Formerly, annual fees had to be based on lot liability. The new amendments now provide that additional annual fees may be levied on a lot owner if:

  • The owners corporation has incurred additional costs arising from the ‘particular use of the lot by the lot owner.
  • An annual fee set on the basis of the lot liability of the lot owner would not adequately take account of those additional costs.

This includes general administration fees, which may include the costs of preparing and issuing a breach notice.

In addition, owners corporations may levy a lot owner to cover:

  • Excesses and increased premiums against individual lot owners where the lot owner has caused the insurance claim by a ‘culpable or wilful act or gross negligence’.
  • Insurance excess against a lot owner if the claim solely relates to that lot owner’s lot.
  • Fees to cover any damage caused to common property by a lot owner that is not covered by insurance (or damage is less than excess).

In respect of extraordinary fees, the present wording of the benefit principle still applies i.e. fees for extraordinary items of expenditure relating to repairs, maintenance or other works that are undertaken wholly or substantially for the benefit of some or one, but not all, of the lots affected by the owners corporation must be levied on the basis that the owner of the lot that benefits more pays more.
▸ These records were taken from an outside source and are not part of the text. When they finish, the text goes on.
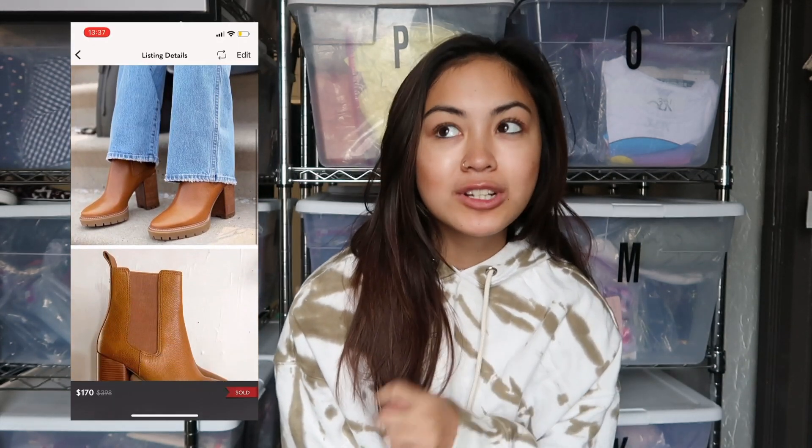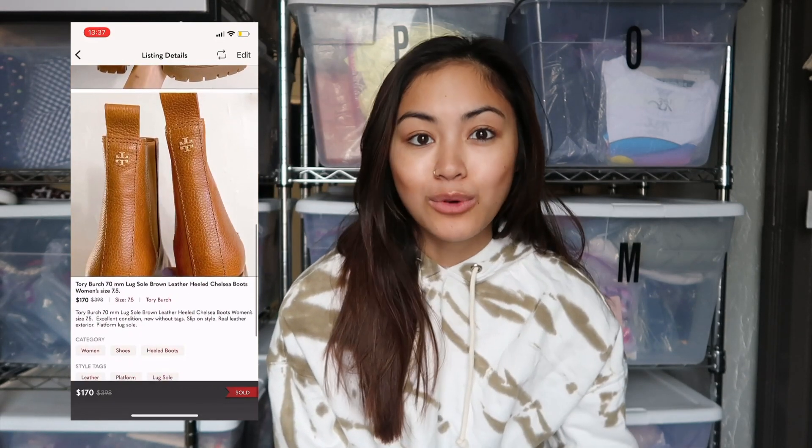The first sale I wanted to share was a retail arbitrage find. I went to Nordstrom Rack during their Clear the Rack sale and I picked up a pair of Tory Burch 70mm Lugsole Brown Leather Boots. They were marked at $20 and there was nothing wrong with them. They sold within two days for $170. Minus the Poshmark fee, I made $136. I had them listed for around $200 and somebody made me an offer for $170 which I accepted. It was such a quick flip.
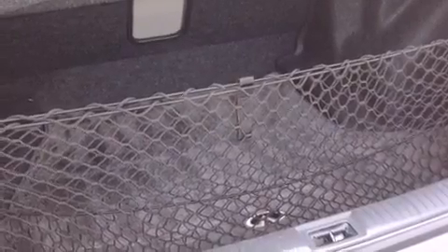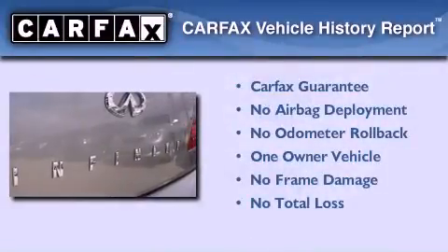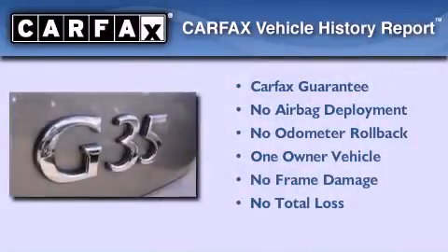Air conditioning with automatic climate control. This vehicle has fewer than 35,000 miles on the odometer. This Infiniti has had only one owner and it qualifies for the Carfax buyback guarantee.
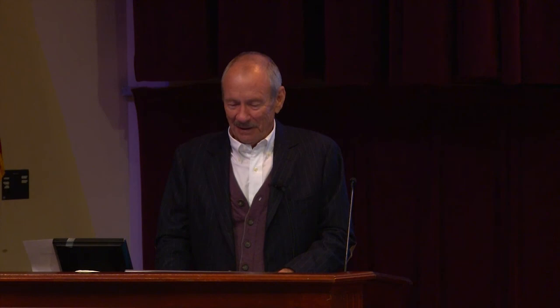Next, ask your patent professional to file your patent and then you're on your way. I end each lecture with this: if you don't do anything with your ideas, you deserve this machine to kick yourself in the butt. That's the end of my lecture for this evening — thank you.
In addition to the above benefit principle, the owners corporation may levy special fees and charges on a lot owner relating to repairs, maintenance and other works arising from ‘the particular use of a lot by the lot owner’. 

OWNERS CORPORATION RULES

Alteration of property

Owners corporations can now make rules regarding the alteration of common property and the appearance of a lot to:

  • Protect the quiet enjoyment of all other lots and the common property during those works.
  • Protect the structural integrity of any building on the plan of subdivision from those works.
  • Ensure the market value of any other lot does not decrease as a result of those works.

However, it cannot prohibit the use of ‘sustainability items’ which includes anything that reduces a reliance on non-sustainable energy sources.

Who is bound by the rules?

The new amendments require occupiers to ensure their guests comply with the rules by making both the lot occupier and guest jointly and severally liable for any breach.

An occupier will not be liable for a guest’s breach if the occupier provided the guest with a copy of the rules. This exception does not apply to short stay operators.

Smoke drift

Owners Corporations can now make rules regulating or prohibiting the drifting of tobacco smoke from a lot in a multi-level apartment complex.